User twistor59 has already in his answer explained that spherical harmonics

$$Y_{\ell m}(\theta, \varphi)~=~\langle \theta, \varphi |\ell, m \rangle $$

live on the two-sphere $S^2$ parametrized by the coordinates $(\theta, \varphi)$; and how we may view $\mathbb{R}^3\backslash\{\vec{0}\}\cong ]0,\infty[\times S^2$ as a half-line times a two-sphere using spherical coordinates $(r,\theta, \varphi)$.

So in this answer we will just mention that the alleged contradiction (in counting the dimension of the state space) has a simpler analogue for the one-sphere $S^1\cong\mathbb{R}/2\pi\mathbb{Z}$, i.e. the circle. Recall that functions $\psi(\theta)=\psi(\theta+2\pi)$ on the circle $S^1$ are periodic functions of some angular position variable $\theta\in[0,2\pi[$. A countable basis $(|m\rangle )_{m\in\mathbb{Z}}$ is via Fourier series

$$\psi(\theta)~=~\sum_{m\in\mathbb{Z}} c_m e^{im\theta}, \quad e^{im\theta} ~=~\langle \theta| m \rangle,\quad c_m~=~\langle m |\psi\rangle,\quad \psi(\theta)~=~\langle \theta |\psi\rangle.$$

The Hilbert space is a $L^2$-space $$H~:=~L^2(S^1)~\cong~\ell^2(\mathbb{Z})~:=~\left\{(c_n)_{n\in\mathbb{Z} } ~\mid~ \sum_{m\in\mathbb{Z}} |c_n|^2 < \infty\right\}, $$ which is isomorphic to the set of square integrable series. See also e.g. this Phys.SE post.

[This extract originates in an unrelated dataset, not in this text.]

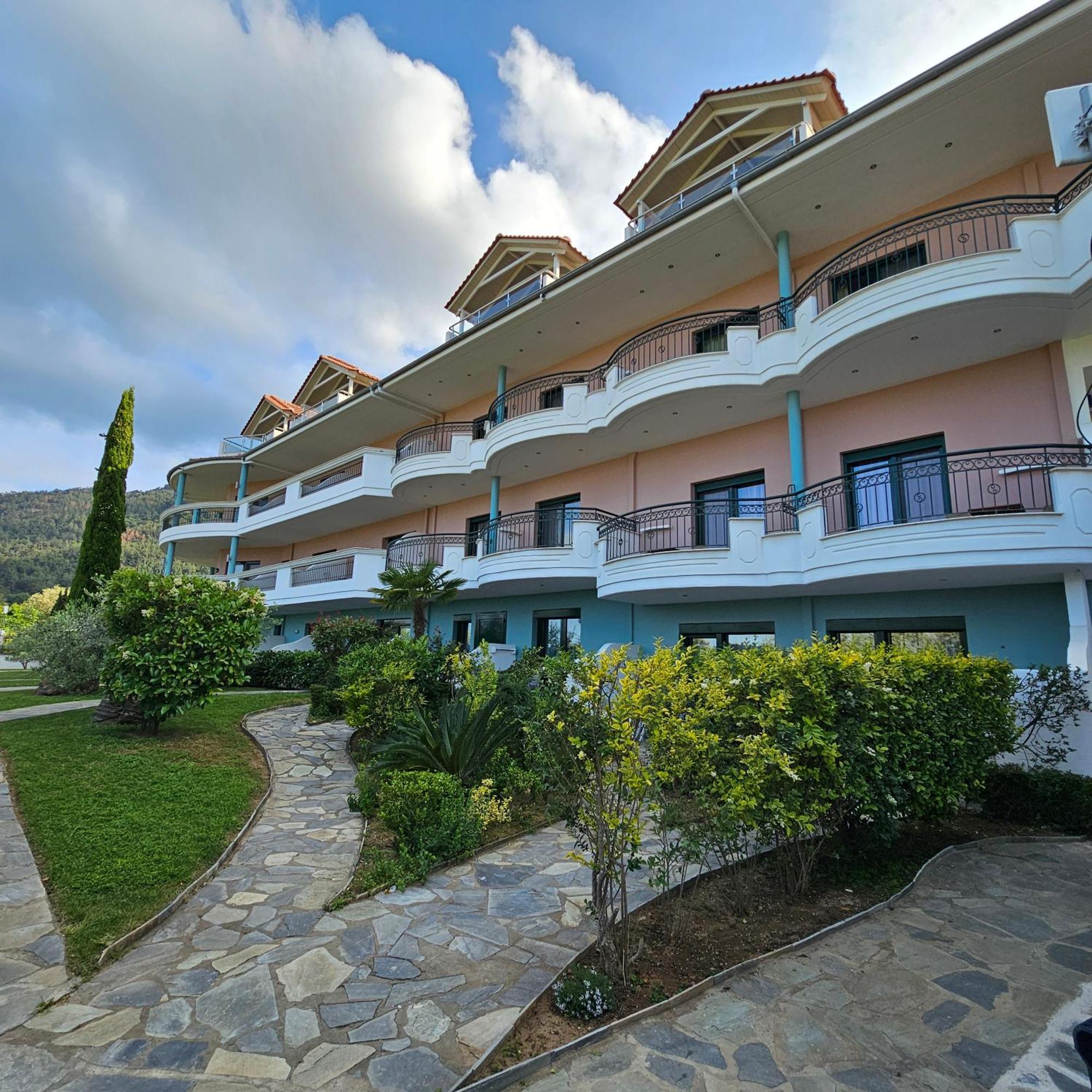 Ocean Beach Hotel Skala Potamia  Luaran gambar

A continuous basis is $(|\theta\rangle )_{\theta\in[0,2\pi[}$ does not belong to the Hilbert space $H$ but rather to the so-called rigged Hilbert space. See also e.g. this Phys.SE post. So there is no contradiction. We are just talking about two different state spaces. Essentially the same explanation (for the alleged contradiction in counting the dimension of the state space) also applies to e.g. the two-sphere $S^2$ and the three-space $\mathbb{R}^3$.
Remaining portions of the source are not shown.